The ARPAnet, a DARPA.mil Creation
Advanced Research Projects Agency’s Network
Recall that the ARPAnet (progenitor of the Internet) was funded and implemented so that U.S. war fighters could employ encrypted intranets and low-bandwidth communications (using TCP/IP) to better defend against a nuclear armed Soviet Union. It enabled decisive decision making by offering commanders near real-time information exchange and “command & control” (C2) systems. Due to it’s generalizable nature, the applications of this technology were endless.
Once trained and equipped, soldiers could quickly relay messages, maps, images, unit reports, orders of battle, and plan operations spanning many locations at once.
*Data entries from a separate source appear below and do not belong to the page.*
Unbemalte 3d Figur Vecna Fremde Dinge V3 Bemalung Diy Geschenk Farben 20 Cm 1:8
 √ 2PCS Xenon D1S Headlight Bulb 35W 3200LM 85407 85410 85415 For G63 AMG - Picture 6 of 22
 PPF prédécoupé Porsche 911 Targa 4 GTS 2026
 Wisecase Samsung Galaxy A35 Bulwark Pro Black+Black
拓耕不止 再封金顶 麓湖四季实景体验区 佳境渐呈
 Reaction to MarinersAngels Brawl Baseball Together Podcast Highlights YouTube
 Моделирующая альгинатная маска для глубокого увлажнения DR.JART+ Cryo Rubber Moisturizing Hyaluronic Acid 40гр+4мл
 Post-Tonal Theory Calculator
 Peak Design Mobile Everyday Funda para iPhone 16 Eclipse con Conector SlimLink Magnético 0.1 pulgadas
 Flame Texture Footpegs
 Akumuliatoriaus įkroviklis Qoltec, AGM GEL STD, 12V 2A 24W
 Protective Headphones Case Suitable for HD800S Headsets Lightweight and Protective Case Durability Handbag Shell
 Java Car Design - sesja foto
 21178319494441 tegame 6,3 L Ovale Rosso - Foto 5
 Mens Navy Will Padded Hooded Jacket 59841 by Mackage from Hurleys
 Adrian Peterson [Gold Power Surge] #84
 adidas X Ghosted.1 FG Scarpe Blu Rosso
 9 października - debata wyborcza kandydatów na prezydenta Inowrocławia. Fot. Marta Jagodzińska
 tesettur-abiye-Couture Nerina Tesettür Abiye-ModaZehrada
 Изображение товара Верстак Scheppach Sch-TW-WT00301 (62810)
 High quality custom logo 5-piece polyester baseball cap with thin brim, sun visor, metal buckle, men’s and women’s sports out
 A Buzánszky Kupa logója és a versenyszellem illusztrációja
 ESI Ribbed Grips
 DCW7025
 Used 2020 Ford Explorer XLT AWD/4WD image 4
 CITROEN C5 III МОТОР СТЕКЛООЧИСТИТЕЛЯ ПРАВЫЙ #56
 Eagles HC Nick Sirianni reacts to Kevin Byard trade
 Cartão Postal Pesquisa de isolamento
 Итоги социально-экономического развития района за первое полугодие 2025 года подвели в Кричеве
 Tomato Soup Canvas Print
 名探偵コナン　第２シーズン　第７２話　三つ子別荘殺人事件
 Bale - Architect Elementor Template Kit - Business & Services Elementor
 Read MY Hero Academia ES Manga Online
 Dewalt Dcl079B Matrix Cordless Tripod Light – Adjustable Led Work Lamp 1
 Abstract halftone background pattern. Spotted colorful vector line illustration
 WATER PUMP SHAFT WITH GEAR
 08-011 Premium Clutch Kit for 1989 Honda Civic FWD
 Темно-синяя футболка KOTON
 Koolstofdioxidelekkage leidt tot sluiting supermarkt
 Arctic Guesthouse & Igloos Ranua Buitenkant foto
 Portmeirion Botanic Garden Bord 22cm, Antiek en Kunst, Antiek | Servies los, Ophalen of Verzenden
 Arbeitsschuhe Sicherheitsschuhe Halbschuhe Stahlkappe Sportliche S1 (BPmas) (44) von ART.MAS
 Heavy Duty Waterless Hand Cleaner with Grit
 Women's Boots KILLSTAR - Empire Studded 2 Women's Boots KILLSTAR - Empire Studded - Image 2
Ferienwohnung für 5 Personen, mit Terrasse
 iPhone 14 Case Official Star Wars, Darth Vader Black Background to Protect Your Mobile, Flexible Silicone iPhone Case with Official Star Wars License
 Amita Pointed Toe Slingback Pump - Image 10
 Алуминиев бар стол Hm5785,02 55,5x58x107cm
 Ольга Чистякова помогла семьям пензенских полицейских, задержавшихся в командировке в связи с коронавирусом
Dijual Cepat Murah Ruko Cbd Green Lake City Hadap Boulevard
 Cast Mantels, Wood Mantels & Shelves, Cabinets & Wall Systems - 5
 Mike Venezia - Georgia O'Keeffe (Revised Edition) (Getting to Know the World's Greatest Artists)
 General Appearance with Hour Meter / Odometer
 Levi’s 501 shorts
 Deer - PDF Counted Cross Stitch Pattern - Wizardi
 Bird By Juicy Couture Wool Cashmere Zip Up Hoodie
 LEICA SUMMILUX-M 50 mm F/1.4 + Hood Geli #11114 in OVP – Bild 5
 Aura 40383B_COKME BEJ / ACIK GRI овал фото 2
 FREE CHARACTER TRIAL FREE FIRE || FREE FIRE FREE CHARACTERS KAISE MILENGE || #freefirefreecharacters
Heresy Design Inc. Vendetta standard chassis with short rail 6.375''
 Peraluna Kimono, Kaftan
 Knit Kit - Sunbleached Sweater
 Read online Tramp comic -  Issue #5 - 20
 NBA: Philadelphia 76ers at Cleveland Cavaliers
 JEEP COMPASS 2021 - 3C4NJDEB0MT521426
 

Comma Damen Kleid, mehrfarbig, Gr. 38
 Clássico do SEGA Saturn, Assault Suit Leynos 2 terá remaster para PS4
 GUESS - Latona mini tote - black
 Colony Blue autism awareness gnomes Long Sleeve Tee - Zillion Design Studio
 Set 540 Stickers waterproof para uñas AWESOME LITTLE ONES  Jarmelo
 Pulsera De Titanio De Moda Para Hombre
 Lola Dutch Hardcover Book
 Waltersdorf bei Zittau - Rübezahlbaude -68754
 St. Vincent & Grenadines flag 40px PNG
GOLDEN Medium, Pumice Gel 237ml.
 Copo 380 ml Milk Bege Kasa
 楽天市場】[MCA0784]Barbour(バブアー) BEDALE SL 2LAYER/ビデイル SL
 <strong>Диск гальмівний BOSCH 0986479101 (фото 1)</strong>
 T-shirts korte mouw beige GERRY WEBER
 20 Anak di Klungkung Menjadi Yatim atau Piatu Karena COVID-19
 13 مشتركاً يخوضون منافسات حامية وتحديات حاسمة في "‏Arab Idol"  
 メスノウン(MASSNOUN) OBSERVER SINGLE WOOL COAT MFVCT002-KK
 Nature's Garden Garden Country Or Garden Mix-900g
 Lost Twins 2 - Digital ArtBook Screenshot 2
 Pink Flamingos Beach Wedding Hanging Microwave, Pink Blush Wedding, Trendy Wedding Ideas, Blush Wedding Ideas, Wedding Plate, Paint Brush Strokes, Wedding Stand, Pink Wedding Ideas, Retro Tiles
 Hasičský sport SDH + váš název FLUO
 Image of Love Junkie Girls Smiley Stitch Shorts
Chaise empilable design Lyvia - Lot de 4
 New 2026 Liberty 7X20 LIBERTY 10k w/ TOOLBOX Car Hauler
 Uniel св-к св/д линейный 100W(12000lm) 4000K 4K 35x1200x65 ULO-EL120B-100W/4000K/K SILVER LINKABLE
Having interoperable “high-level” protocols meant that the kind of I/O link or a link’s security integrity was no longer critical because security and data packaging occurs in the layers above TCP. In other words, these open and pluggable protocols meant that unsecured lines of communication could now be used to transport sensitive information.
“The goal was to exploit new computer technologies to meet the needs of military command and control against nuclear threats, achieve survivable control of US nuclear forces, and improve military tactical and management decision making.”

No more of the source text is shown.